Tensions between neighbouring nations had previously flared over their support for rival sides in Syria’s civil war.
Hassan Rouhani, the Iranian president, has said that, Turkey and Iran are two important countries in the Islamic world and determined to stand against violence and extremism in the Middle East.
Rouhani said the words on a two-day visit to Turkey to discuss energy and trade ties as well as the Syrian crisis which has strained relations between the two neighbours in the recent years.
The two countries are at odds over Syria, with Iran being a strong strategic ally of Syrian President Bashar al-Assad since the start of the uprising against him in 2011, while Turkey has been one of his fiercest critics, supporting his opponents and giving refuge to rebel fighters.
In a joint press conference with Rouhani, Abdullah Gul, the Turkish president, said that they discussed political, economic and cultural relations.
Gul said that the two countries have a trade volume of $15bn dollars between the two countries with the target of $30bn.
He also said that no country should possess nuclear weapons in the Middle East.
“We want a Middle East without nuclear weapons,” he said, however, expressing support for use of nuclear energy for peaceful purposes.
Rouhani calls for stability
In his remarks, Rouhani said that money flow between countries will continue. He also called on all countries in the region to put effort in achieving stability.
Rouhani repeated the Turkish leader’s stance, saying that the regioin should be free of all weapons of mass destruction, but peaceful use of nuclear energy should be free.
|Al Jazeera’s Zeine Khodr reports from Ankara on Rouhani’s visit to Turkey|
Last year the election of Rouhani, whose foreign policy of “prudence and moderation” has eased Iran’s international isolation. The visit will be the first by an Iranian president to Turkey since 2008.
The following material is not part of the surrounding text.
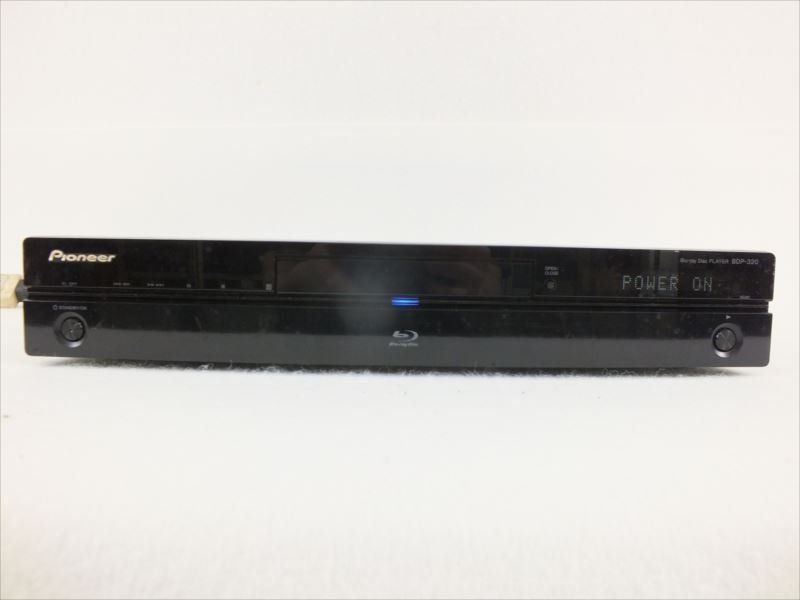 ♪ PIONEER パイオニア BDP-320 ブルーレイプレーヤー 中古 現状品 240311E3079_画像3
The visit comes as Iran and six major powers prepare to hold another round of talks on a final deal aimed at ending a decade-old dispute over the country’s nuclear programme.
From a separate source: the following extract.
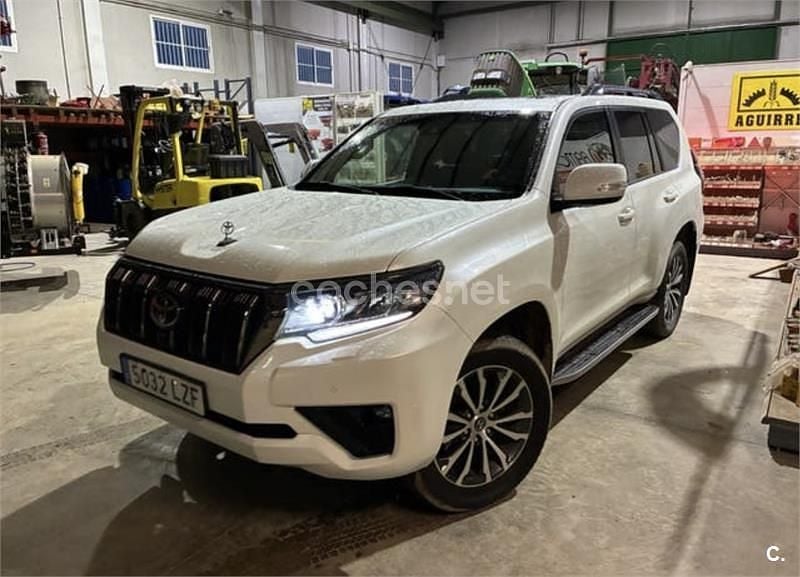 Occasion Toyota Land Cruiser Limited 204 PK (150 kW) 2022 Wit SUV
A preliminary deal was signed in Geneva, Switzerland, in November, under which Iran accepted to halt some sensitive nuclear activities in exchange for partial easing of sanctions.
While deep divisions remain between the two countries over the conflict in Syria, the potential of an Iranian market of 76 million people with some of the world’s biggest oil and gas reserves is a magnet for Turkish companies.
During Erdogan’s visit to Iran in January, a preferential trade agreement was signed aimed at paving the ground to boost trade to $30bn by 2015.
Reuters news agency cited Iranian officials as saying that trade between the countries stood at $22bn in 2012, before dipping to $20bn in 2013, and that it should reach $30bn in 2015.
Gold and silver
Iran was Turkey’s third largest export market in 2012. Iranian media said that Turkey exported more than 20,000 products to Iran, among them gold and silver.
The US has been unhappy over continued trade with Iran by its Turkish ally and has blacklisted some Turkish firms involved in sidestepping the sanctions, imposed on Iran over its disputed nuclear programme.
Cooperation agreements will be signed in various fields, including the energy sector, during Rouhani’s visit, Iranian and Turkish media said.
Under a contract signed in 1996, Turkey imports 10bn cubic metres per year of natural gas from Iran. The contract became active in 2001. Turkey pays the bill through gold transfers as a result of the US’ sanctions on Iran.
Iran has so far dismissed Turkish demands to drop the price of gas under the current agreement, saying that Iran could sell more natural gas to its energy-hungry neighbour if a new agreement was signed.
Taner Yildiz, Turkish energy minister, told Reuters in an interview on January 30 that Turkey could double the amount of natural gas it imports from Iran if the two countries could agree on a price.
Turkey depends on imports for almost all of its gas needs.